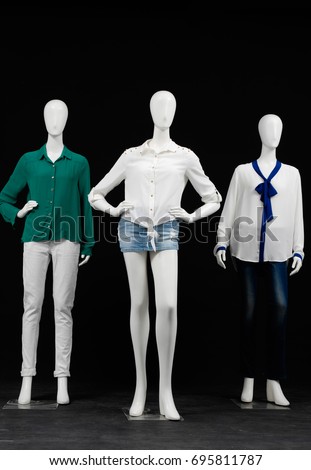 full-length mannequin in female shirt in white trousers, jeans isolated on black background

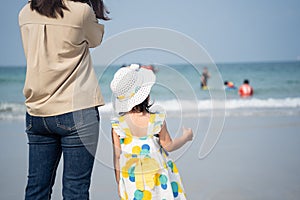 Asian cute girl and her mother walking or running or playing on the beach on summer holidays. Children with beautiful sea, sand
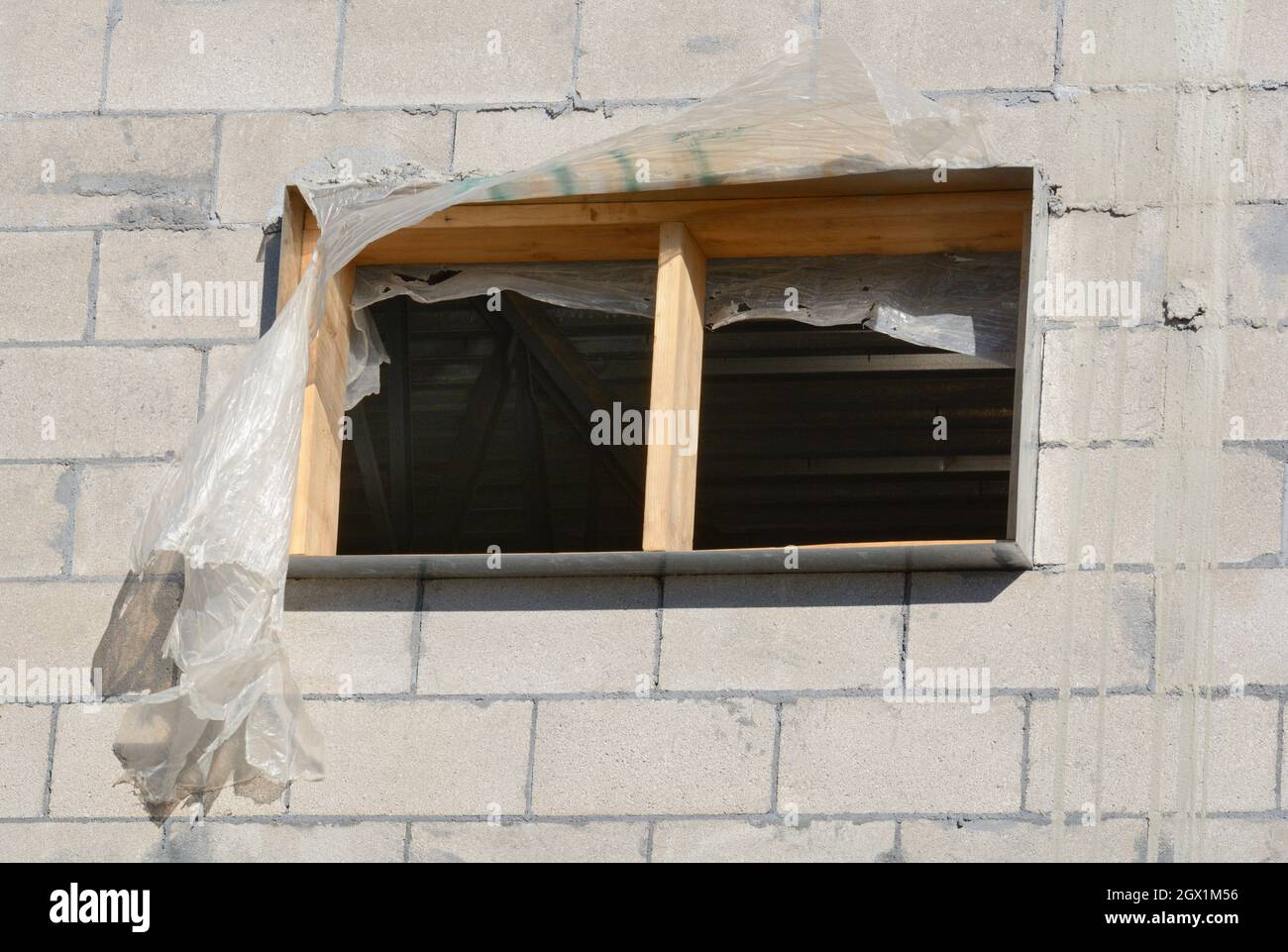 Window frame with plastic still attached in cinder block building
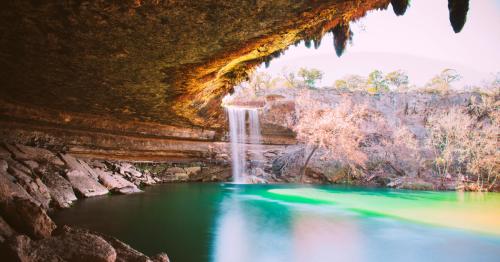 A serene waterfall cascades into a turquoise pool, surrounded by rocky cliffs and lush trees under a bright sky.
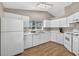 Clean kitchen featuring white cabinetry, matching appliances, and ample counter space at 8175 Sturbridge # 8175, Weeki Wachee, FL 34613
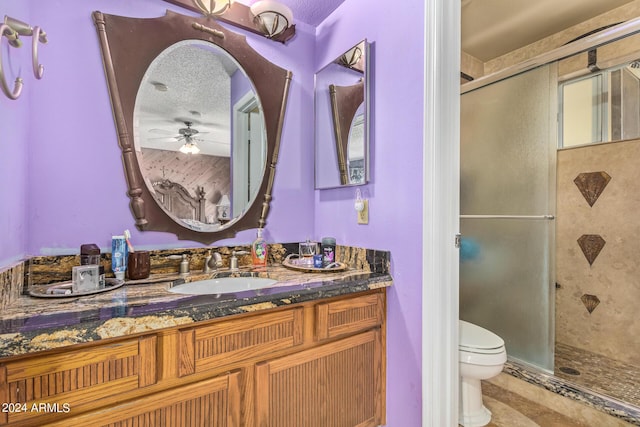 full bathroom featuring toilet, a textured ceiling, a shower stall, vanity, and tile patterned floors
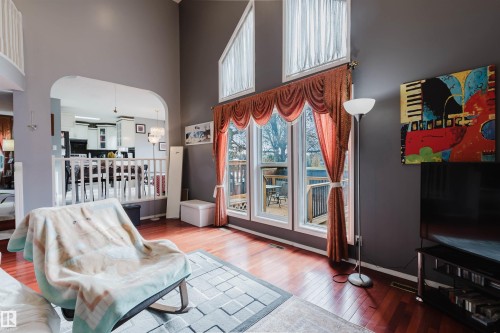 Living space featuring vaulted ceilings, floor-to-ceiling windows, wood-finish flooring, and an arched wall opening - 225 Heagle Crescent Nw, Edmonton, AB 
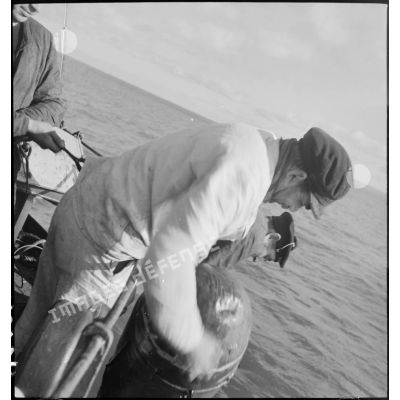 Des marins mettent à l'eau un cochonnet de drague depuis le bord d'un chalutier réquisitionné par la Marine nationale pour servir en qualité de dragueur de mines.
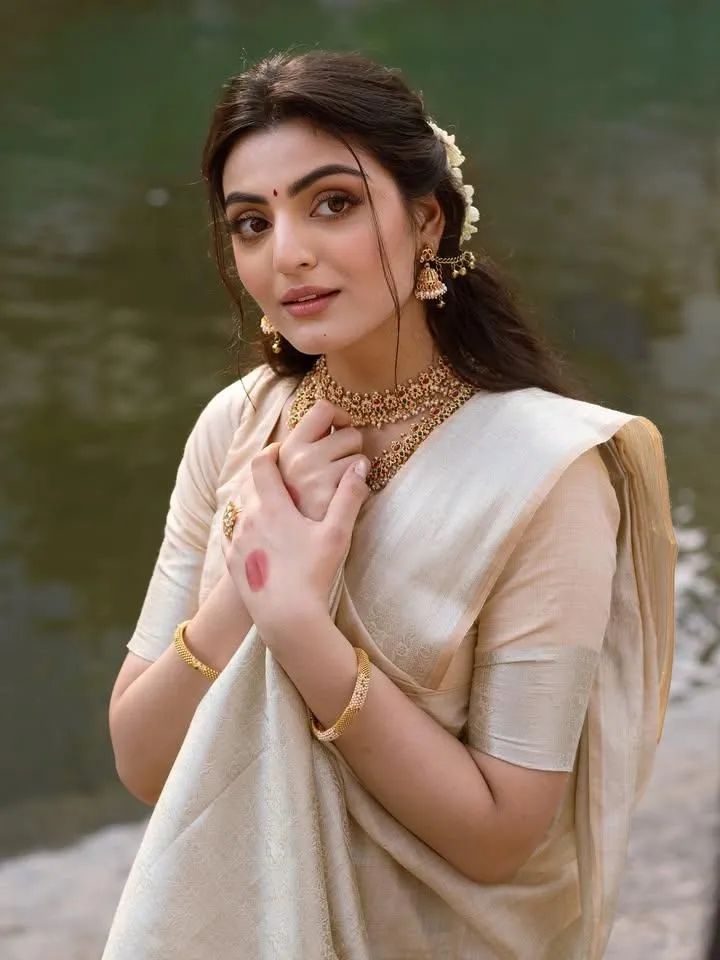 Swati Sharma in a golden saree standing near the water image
====
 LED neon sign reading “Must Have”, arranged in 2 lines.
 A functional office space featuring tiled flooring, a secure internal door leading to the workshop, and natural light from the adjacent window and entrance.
====
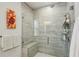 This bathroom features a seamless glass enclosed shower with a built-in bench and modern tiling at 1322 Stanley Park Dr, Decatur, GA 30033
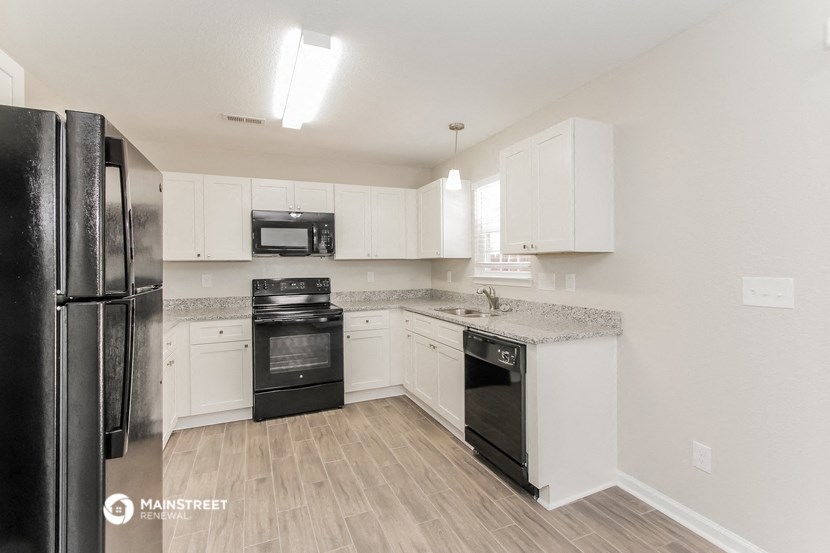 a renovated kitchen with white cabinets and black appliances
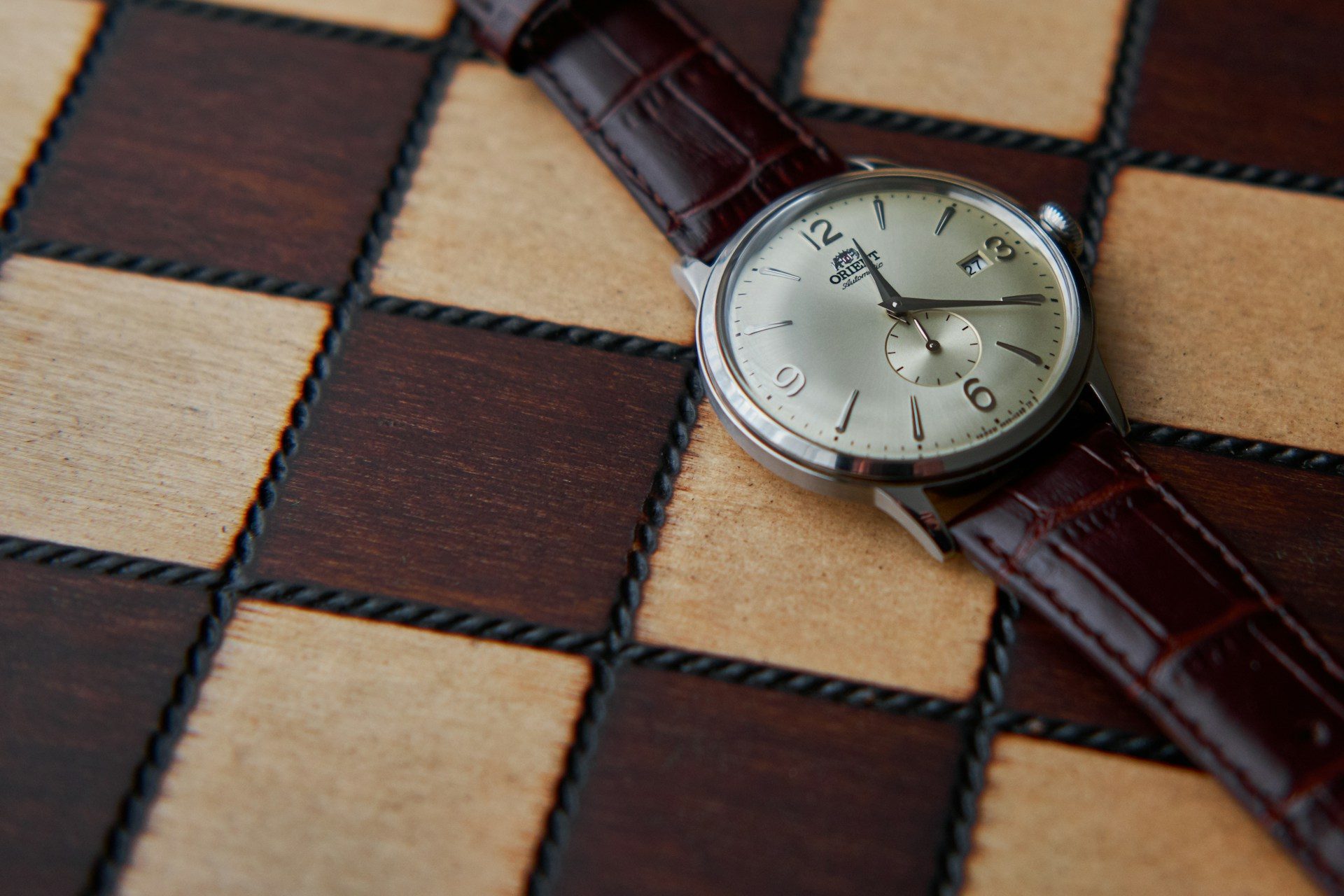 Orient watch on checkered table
====
Given the listing above, repeat exactly the lines starting at the one with "This bathroom features" and ending at the one with "Orient watch on checkered table", inclusive, excluding pictures.

 This bathroom features a seamless glass enclosed shower with a built-in bench and modern tiling at 1322 Stanley Park Dr, Decatur, GA 30033
 a renovated kitchen with white cabinets and black appliances
 Orient watch on checkered table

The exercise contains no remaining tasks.